The longest wavelength (in A) can be used to cause this transition, where energy is given by,
 $ {{E = \nu h}} $ where,
 $ {{E = Energy, \nu = \text{Frequency of light}, h = \text{Planck constant}}} $
Therefore,
 $ {{\nu = }}\dfrac{{{E}}}{{{h}}} $
Substituting the values in the equation,
 $ \nu = \dfrac{{(0.545{{ }} \times {{ }}{{10}^{ - 18}}){{ J}}}}{{(6.626{{ }} \times {{ }}{{10}^{ - 34}}){{ Js}}}} $ ,
 $ \nu = 8.2252{{ }} \times {{ }}{10^{14}}{{ Hz}} $ .
Since,
 $ {{\nu = c}}\lambda {{, where c = \text{Speed of light and }}}\lambda {{ = \text{Wavelength} }} $ ,
Therefore,
 $ \lambda = \dfrac{{{c}}}{{{\nu }}} $ ,
Substituting the values in the equation,
 $ \lambda = \dfrac{{(3.0 \times {{10}^8}{{ M/s}})}}{{(8.2252 \times {{10}^{14}}{{ }}{{{s}}^{{{ - 1}}}})({{Hz}})}} $ ,
 $ \lambda = 3.6473{{ }} \times {{ }}{10^{ - 7}}{{ M}} $ .
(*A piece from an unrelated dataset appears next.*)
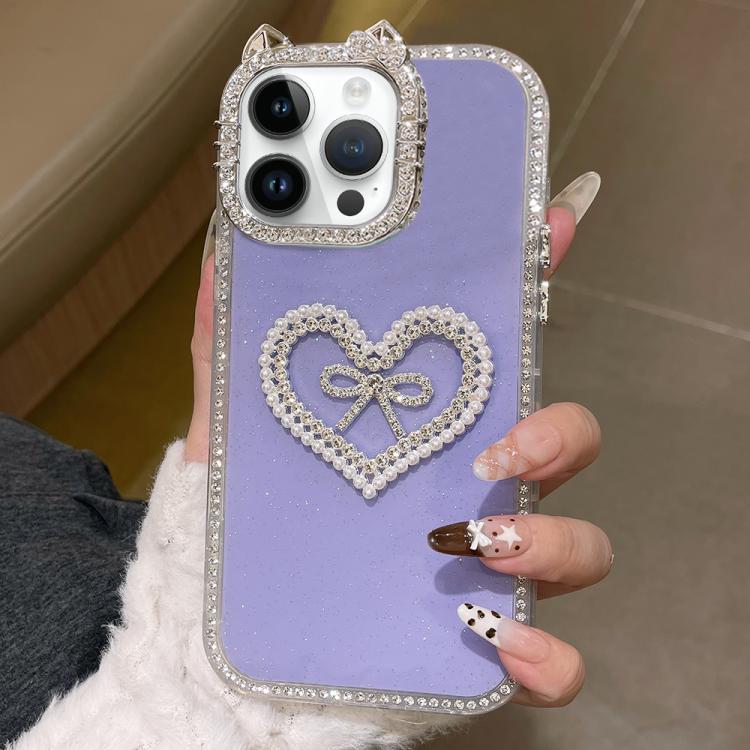 For iPhone 13 Pro Electroplated Cat Ear Dual Side Rhinestones Glitter IMD Phone Case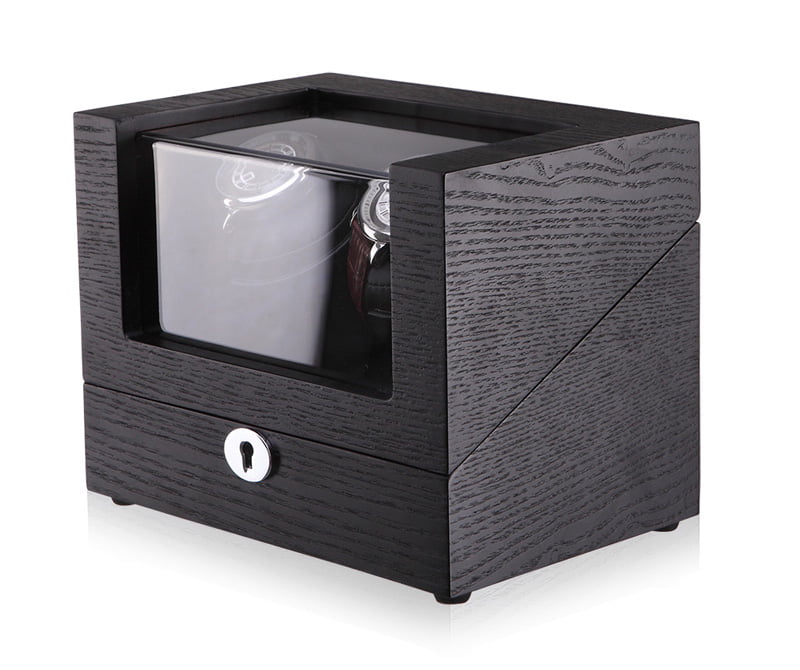 Black wood veneered watch winder case angled view with display window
Hence, the wavelength required in Angstroms will be,
 $ \lambda = 3.6473 \times {10^{ - 7}} \times {10^{10}}{{ }}{{{A}}^{{o}}} $ ,
i.e. $ {{\lambda = 3647}}{{.3 }}{{{A}}^{{o}}} $ .
Therefore, the longest wavelength (in A) of light that can be used to cause this transition will be $ \lambda = 3647.3{{ }}{{{A}}^{{o}}} $ .

Note:
The energy of an electron in n=2 orbit is $ - 0.545{{ }} \times {10^{ - 18}}{{ joules}} $ which is the potential energy of the electron under the influence of the nucleus. To remove the electron, equal energy is required which is $ + 0.545{{ }} \times {10^{ - 18}}{{ joules}} $ , as the electron is removed completely from the nucleus the potential energy of electron becomes zero.